The list goes on and on…
Conclusion
It is important to understand what exactly a POD is because many language features, as you see, behave differently for them.
What changes for C++11?
Aggregates
The standard definition of an aggregate has changed slightly, but it's still pretty much the same:
An aggregate is an array or a class (Clause 9) with no user-provided constructors (12.1), no brace-or-equal-initializers for non-static data members (9.2), no private or protected non-static data members (Clause 11), no base classes (Clause 10), and no virtual functions (10.3).
Ok, what changed?
Previously, an aggregate could have no user-declared constructors, but now it can't have user-provided constructors. Is there a difference? Yes, there is, because now you can declare constructors and default them:
struct Aggregate { Aggregate() = default; // asks the compiler to generate the default implementation };
This is still an aggregate because a constructor (or any special member function) that is defaulted on the first declaration is not user-provided.

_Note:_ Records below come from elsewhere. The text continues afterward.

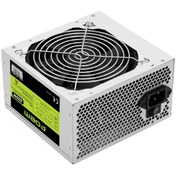 Resim TREND FRISBY FPS-G30F12 FOEM 300W POWER SUPPLY 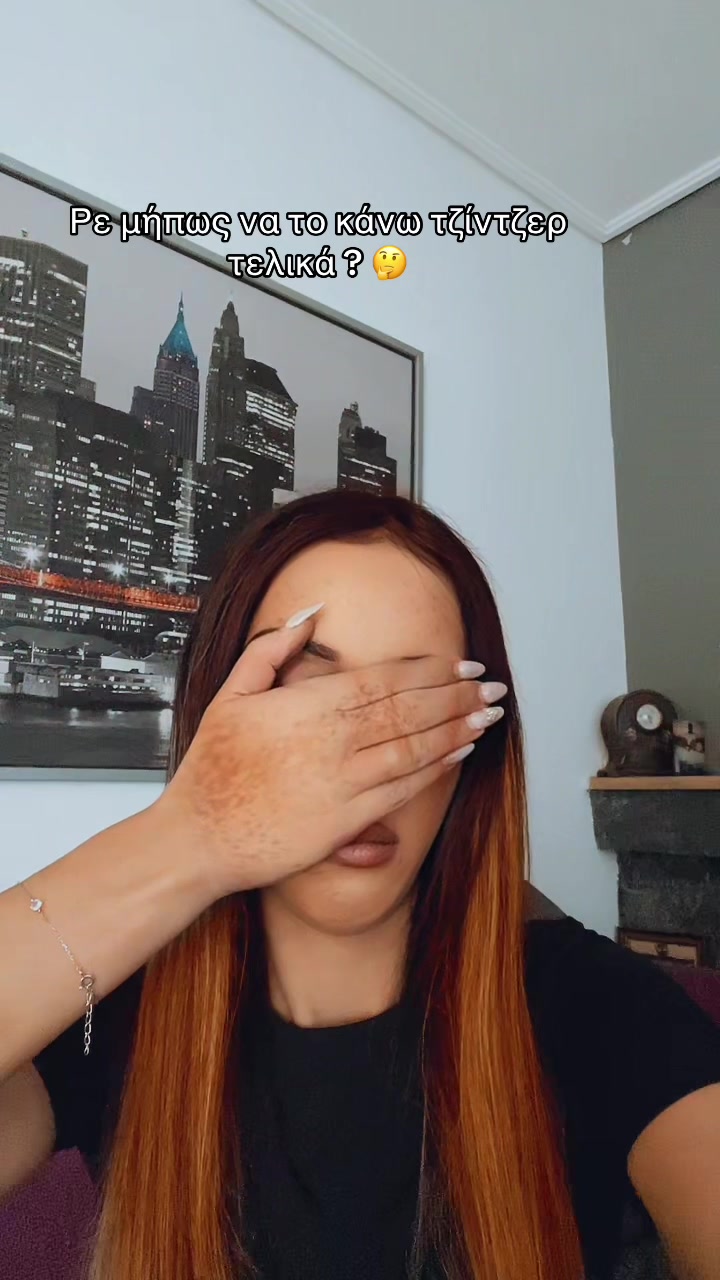 @Katerina Kolioush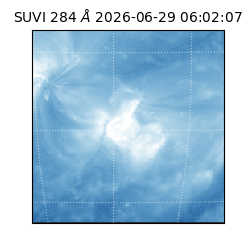 suvi - 2026-06-29T06:02:07.359000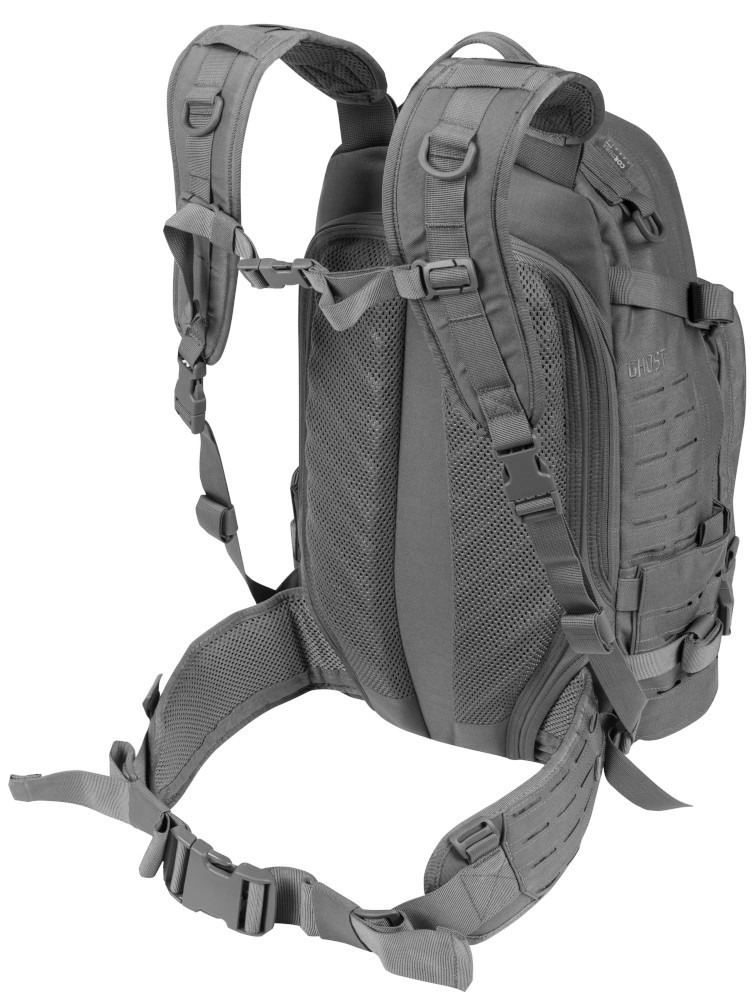 Urban discount backpack cordura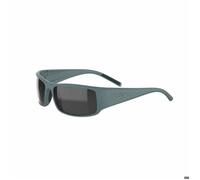 Lunettes de soleil Bollé King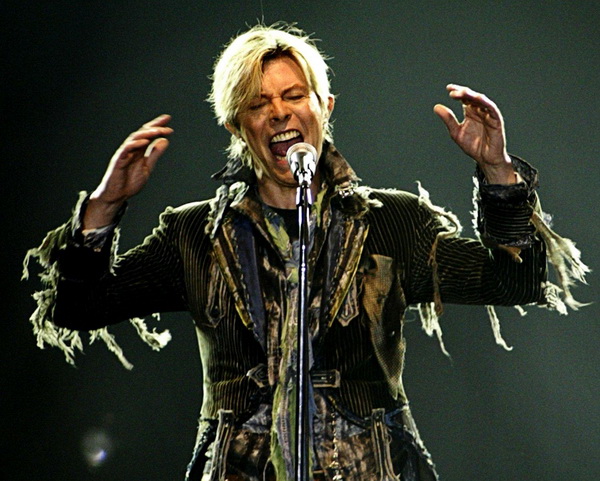 bowie_600.jpg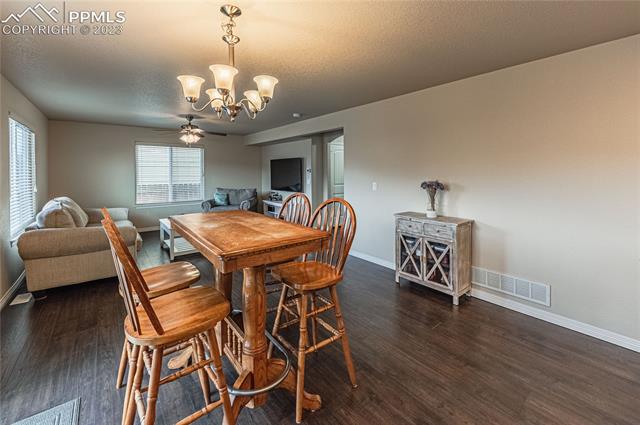 6274 Pilgrimage Road Colorado Springs, CO 80925 - Photo 5 of 23 Gallery Image 5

Now an aggregate cannot have any brace-or-equal-initializers for non-static data members. What does this mean? Well, this is just because with this new standard, we can initialize members directly in the class like this:
struct NotAggregate { int x = 5; // valid in C++11 std::vector<int> s{1,2,3}; // also valid };
Using this feature makes the class no longer an aggregate because it's basically equivalent to providing your own default constructor.
So, what is an aggregate didn't change much at all. It's still the same basic idea, adapted to the new features.
What about PODs?
PODs went through a lot of changes. Lots of previous rules about PODs were relaxed in this new standard, and the way the definition is provided in the standard was radically changed.
The idea of a POD is to capture basically two distinct properties:
- It supports static initialization, and
- Compiling a POD in C++ gives you the same memory layout as a struct compiled in C.
Because of this, the definition has been split into two distinct concepts: trivial classes and standard-layout classes, because these are more useful than POD. The standard now rarely uses the term POD, preferring the more specific trivial and standard-layout concepts.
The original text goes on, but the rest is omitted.